- Film poster
- Directed by: Courtney Marsh
- Written by: Courtney Marsh Marcelo Mitnik
- Produced by: Jerry Franck Courtney Marsh
- Starring: Le Minh Chau
- Cinematography: Courtney Marsh
- Edited by: Courtney Marsh
- Music by: Steve London
- Production company: Cynasty Films
- Distributed by: Seventh Art Releasing
- Release dates: February 8, 2015 (Big Sky Documentary Film Festival); August 21, 2015;
- Running time: 34 minutes
- Countries: United States Vietnam
- Language: Vietnamese

= Chau, Beyond the Lines =

Chau, Beyond the Lines (previously known as: War Within the Walls) is a 2015 American short-documentary film about a 16-year-old disabled by the effects of Agent Orange, who aspires to become an artist and clothing designer. It is directed by Courtney Marsh and produced by Jerry Franck and Marsh.

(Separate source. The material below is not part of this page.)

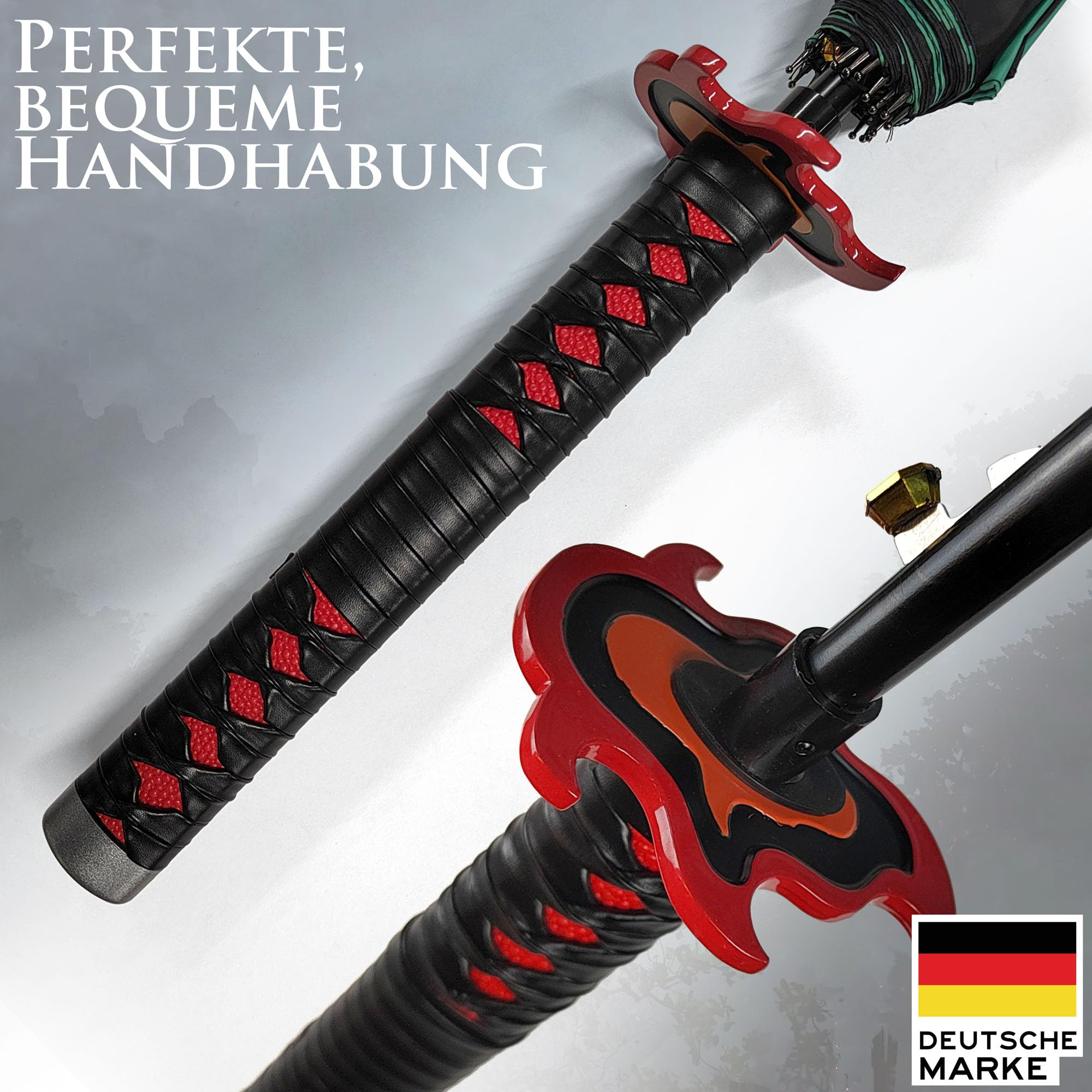 Swords and more Demon Slayer Regenschirm – Anime Cosplay Katana, Automatisches Öffnen, Schwert Regenschirme, Anime Cosplay Ninja Katana Sonnenschutz-Regenschirm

Chau, Beyond the Lines was shortlisted with nine other documentaries from 74 entries submitted to 88th Academy Awards in Documentary Short Subject category, and eventually received a nomination.

==Background==
The documentary shows the lasting effects of Agent Orange, a chemical sprayed over the Vietnam jungles during the Vietnam War by the United States to deprive the Northern Vietnamese Army of their food and cover. After 20 years of war, Chau, a teenager living in a care center, is disabled by the effects of this chemical. With a rare disability in his arms and legs, Chau is repeatedly told that his dream of becoming a professional artist is impossible. Filming extended over 8 years.

==Awards==

- 2015: Austin Film Festival – Grand Jury Award – Best Documentary Short Film
- 2015: USA Film Festival – National Jury Award – Documentary Short Film
- 2015: Fort Lauderdale International Film Festival – Grand Jury Award – Best Documentary Short Film
- 2016: Irvine International Film Festival - Grand Jury Award - Best Documentary Short Film
- 2016: Academy Awards – Nomination – Best Documentary – Short Subject.